Now it is certainly folly to excuse in this way the mass murders of such sadistic gangsters as Stalin and Hitler. But there is no doubt that many of the most bloody “liquidators” were guided by the ideas that inspired from time immemorial the attempts of philosophers to meditate on a perfect constitution. Having once hatched out the design of such an ideal order, the author is in search of the man who would establish it by suppressing the opposition of all those who disagree. In this vein, Plato was anxious to find a tyrant who would use his power for the realization of the Platonic ideal state. The question whether other people would like or dislike what he himself had in store for them never occurred to Plato. It was an understood thing for him that the king who turned philosopher or the philosopher who became king was alone entitled to act and that all other people had, without a will of their own, to submit to his orders. Seen from the point of view of the philosopher who is firmly convinced of his own infallibility, all dissenters appear merely as stubborn rebels resisting what will benefit them.

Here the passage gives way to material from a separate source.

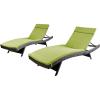 Christopher Knight Home Salem Outdoor Wicker Adjustable Chaise Lounges with Cushions, 2-Pcs Set, Multibrown / Bright Green(Multibrown / Bright Green)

I suppose that this to some extent explains the liberal mindset but I lean more towards a moral or religious explanation. Rather than recognizing freedoms bestowed by our Creator, liberals place Man at the center of all things divorced from God. The evil and fallen nature of man then reveals itself as we’ve seen over and over again where these grand experiments have taken place. Its only due to their hubris and warped sense of infallibility that they keep trying over and over again. Rejecting facts and logic they persist in their attempts to set themselves up as the ruling elite while us peons experience and suffer the consequences of their policies and decrees.
Even a glance at the attributes of Lucifer, or Satan, indicate that they serve their true master well.